**PROBLEM**
Copy out all the lines of the data precisely, omitting any pictures.

**SOURCE RECORDS**
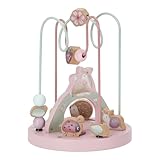 Little Dutch 7348 FSC Holz Aktivitätsspirale Motorikschleife - Fairy Garden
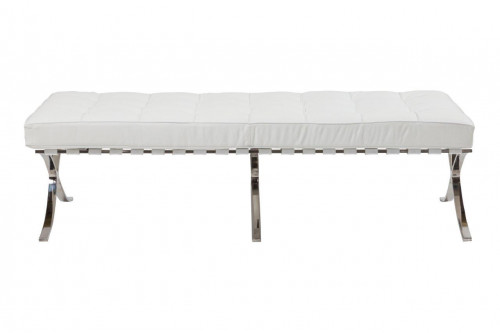 оттоманка barcelona loveseat белая в Таганроге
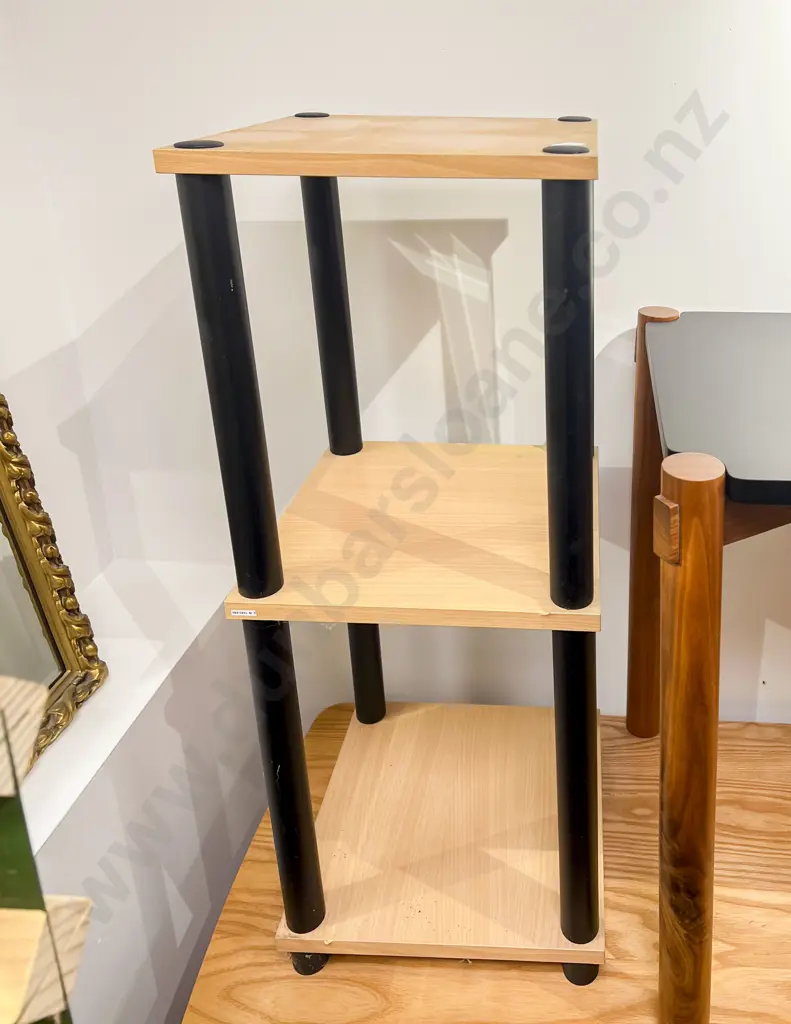 Two Modern Occasional Tables Image 1++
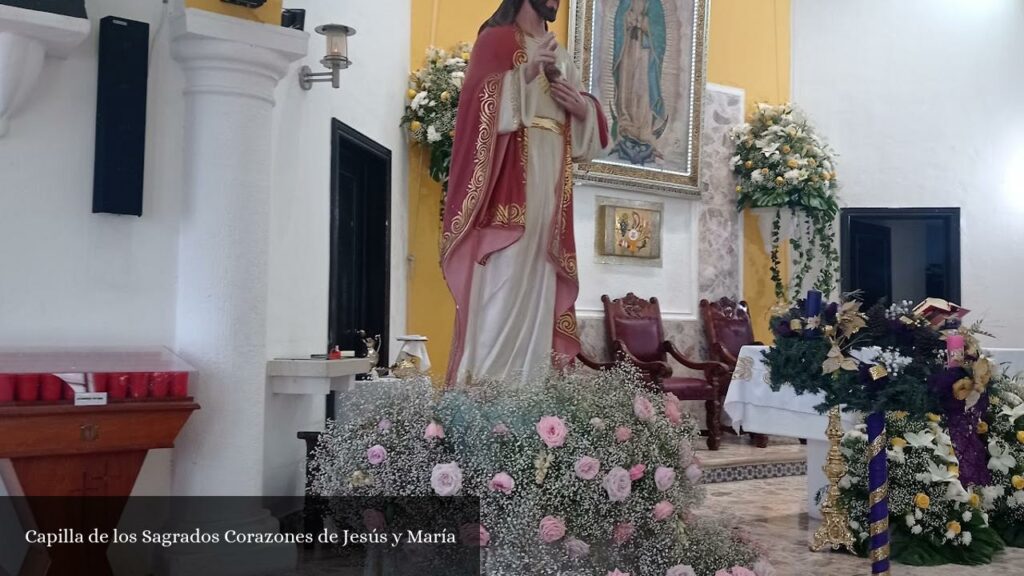 Capilla de Los Sagrados Corazones de Jesús y María - Mérida (Yucatán)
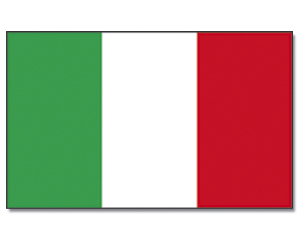 Landesfahne Italien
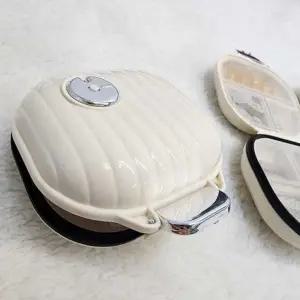 여행용 휴대식 약케이스 건강 관리 약통 요일별 원정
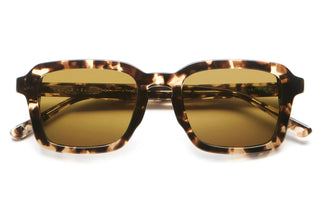 Crap Eyewear Heavy Tropix Sunglasses - Desert Tortoise Bio/Polarized Grapeseed
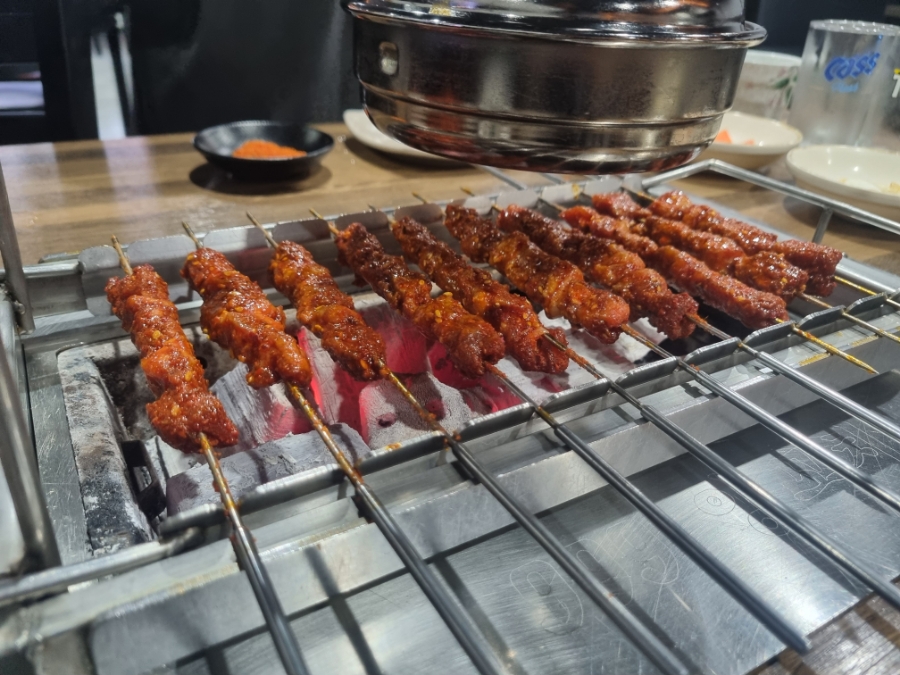 구구구양꼬치 이미지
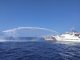 Kapal penjaga pantai Tiongkok menembakkan meriam air dan memblokir kapal perikanan Filipina di laut yang disengketakan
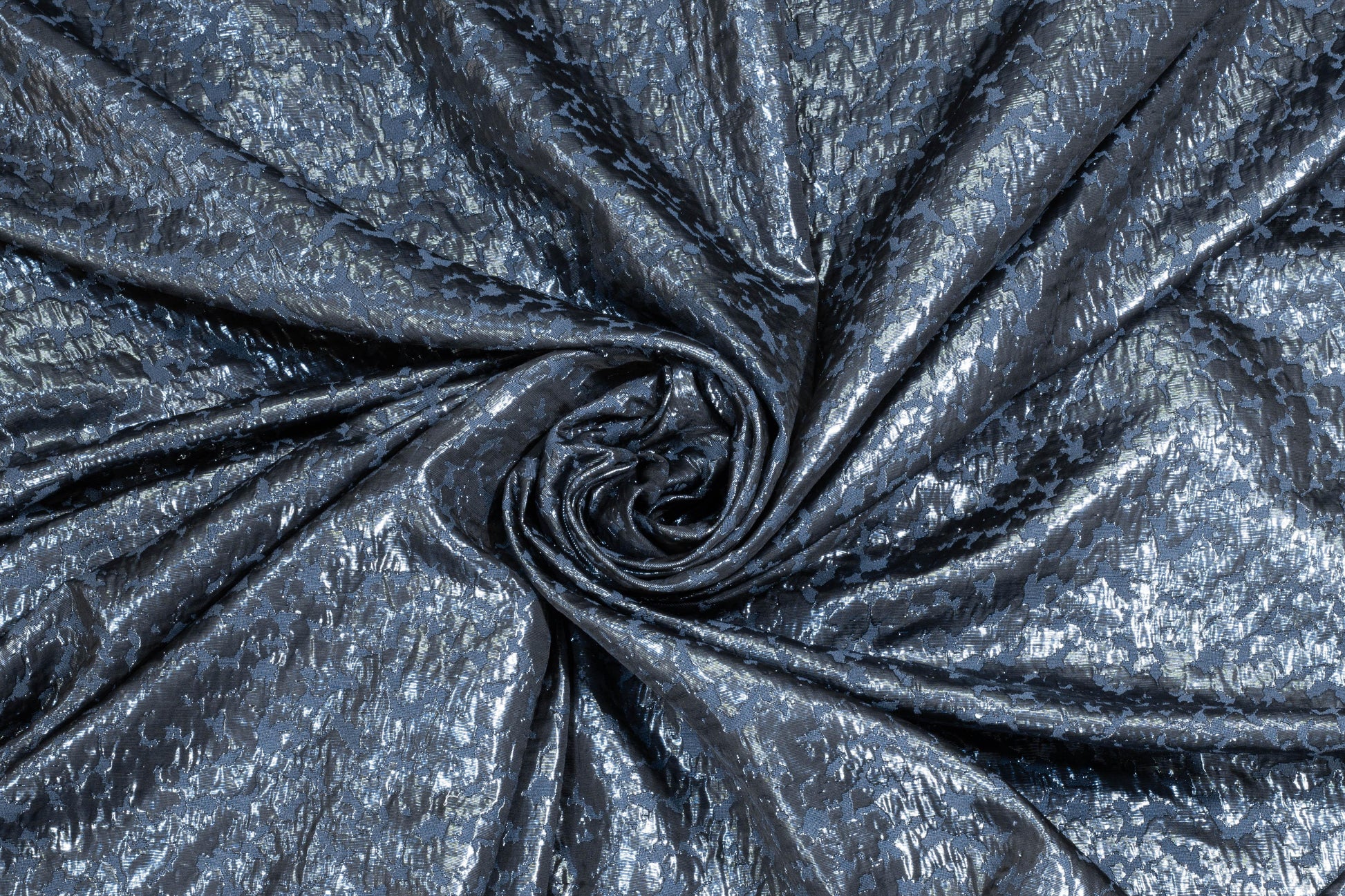 Charcoal Gray Metallic Brocade – Prime Fabrics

**THE ANSWER**
 Little Dutch 7348 FSC Holz Aktivitätsspirale Motorikschleife - Fairy Garden
 оттоманка barcelona loveseat белая в Таганроге
 Two Modern Occasional Tables Image 1++
 Capilla de Los Sagrados Corazones de Jesús y María - Mérida (Yucatán)
 Landesfahne Italien
 여행용 휴대식 약케이스 건강 관리 약통 요일별 원정
 Crap Eyewear Heavy Tropix Sunglasses - Desert Tortoise Bio/Polarized Grapeseed
 구구구양꼬치 이미지
 Kapal penjaga pantai Tiongkok menembakkan meriam air dan memblokir kapal perikanan Filipina di laut yang disengketakan
 Charcoal Gray Metallic Brocade – Prime Fabrics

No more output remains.